INSTRUCTIONS FOR THE TASK: Give again, word for word, the lines below that run from the line with "KAM Home Diamond" through the line with "Test Kaminio Cheminée". Drop the pictures.

================

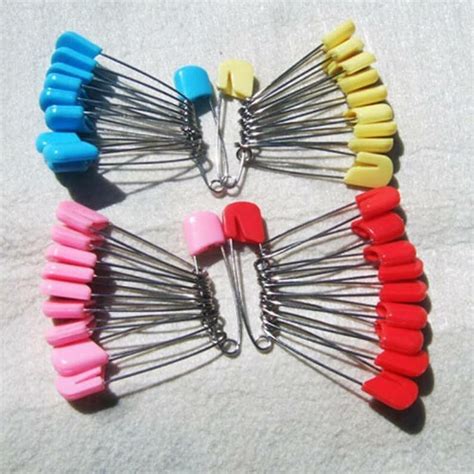 Colorful Stainless Steel Baby Infant Safety Pins Diaper Nappy Etsy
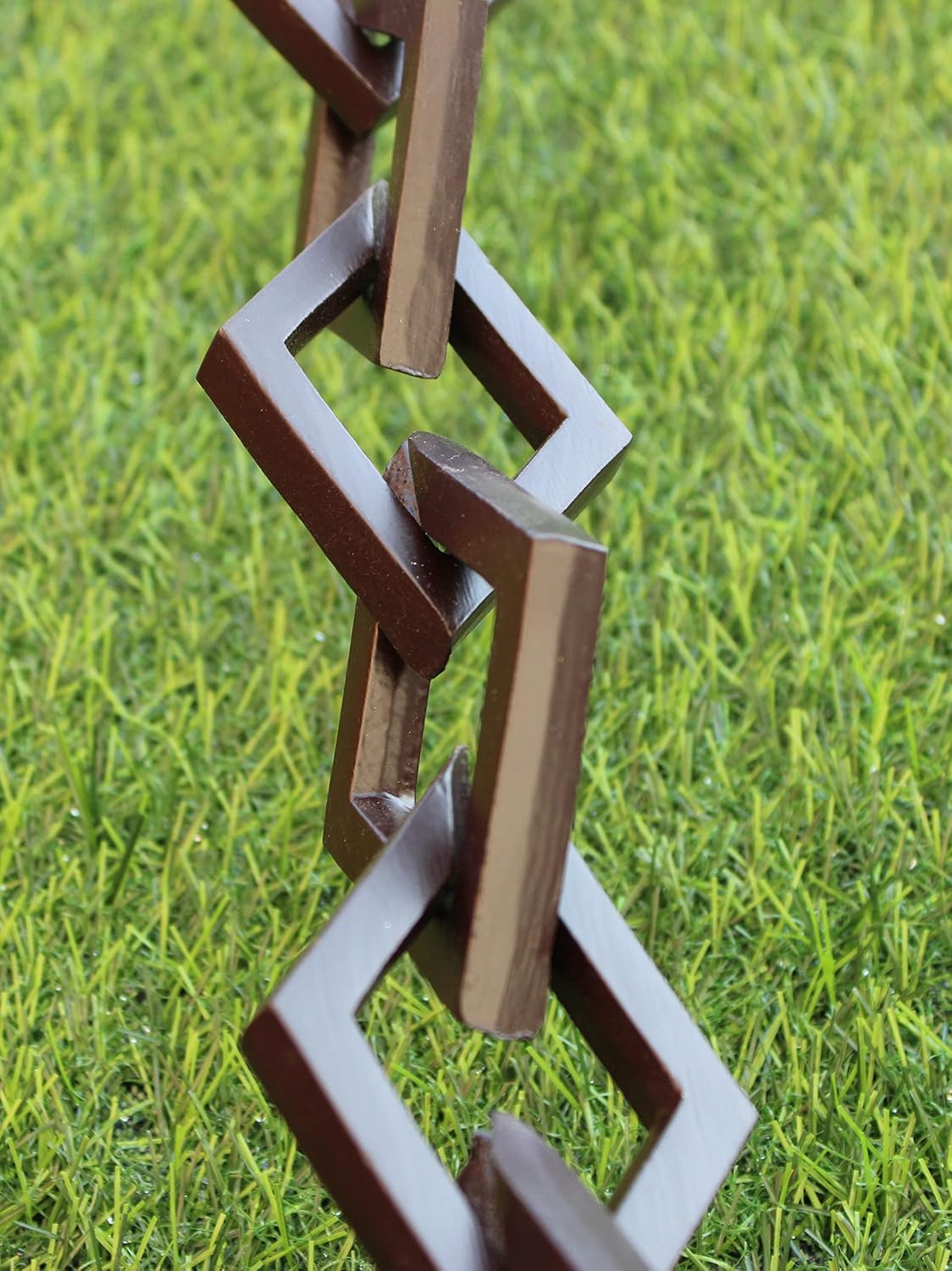 KAM Home Diamond Links Rain Chain with Installation Kit (Brown, 11)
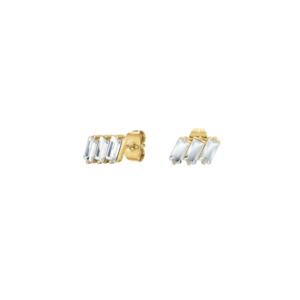 Rosefield Jewellery - Triple Baguette Studs Gold Plated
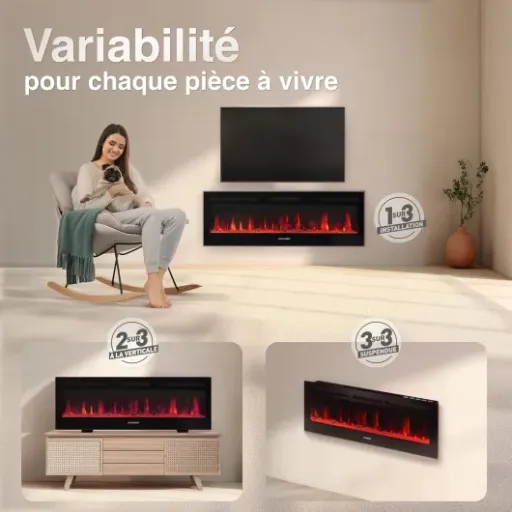 Test Kaminio Cheminée Electrique Marlon 60'' : un faux feu qui fait bien le job dans le salon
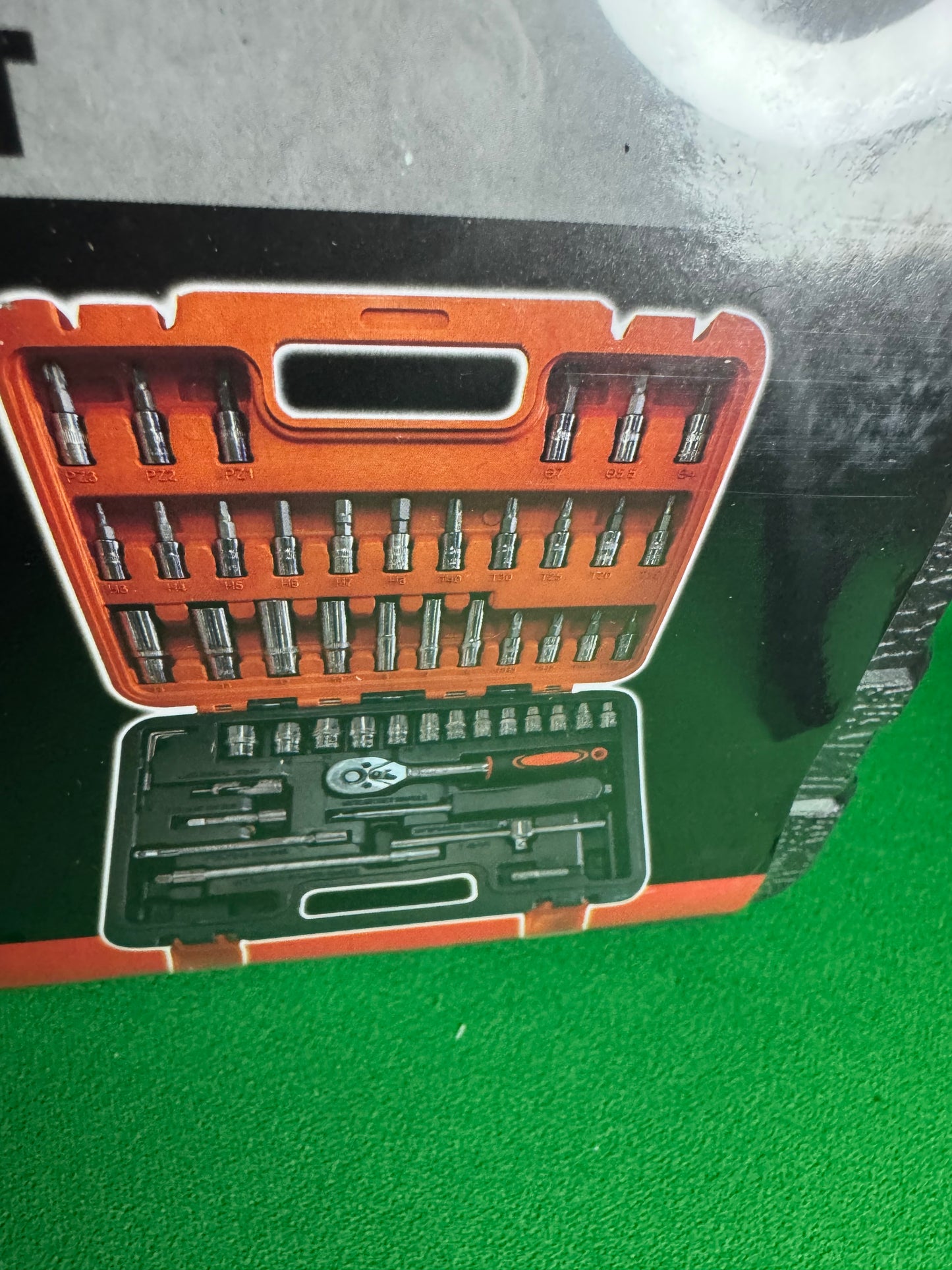 🔧 53-Piece 1/4” Drive Socket Set – Metric | Complete Tool Kit with Case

================

OUTPUT:
 KAM Home Diamond Links Rain Chain with Installation Kit (Brown, 11)
 Rosefield Jewellery - Triple Baguette Studs Gold Plated
 Test Kaminio Cheminée Electrique Marlon 60'' : un faux feu qui fait bien le job dans le salon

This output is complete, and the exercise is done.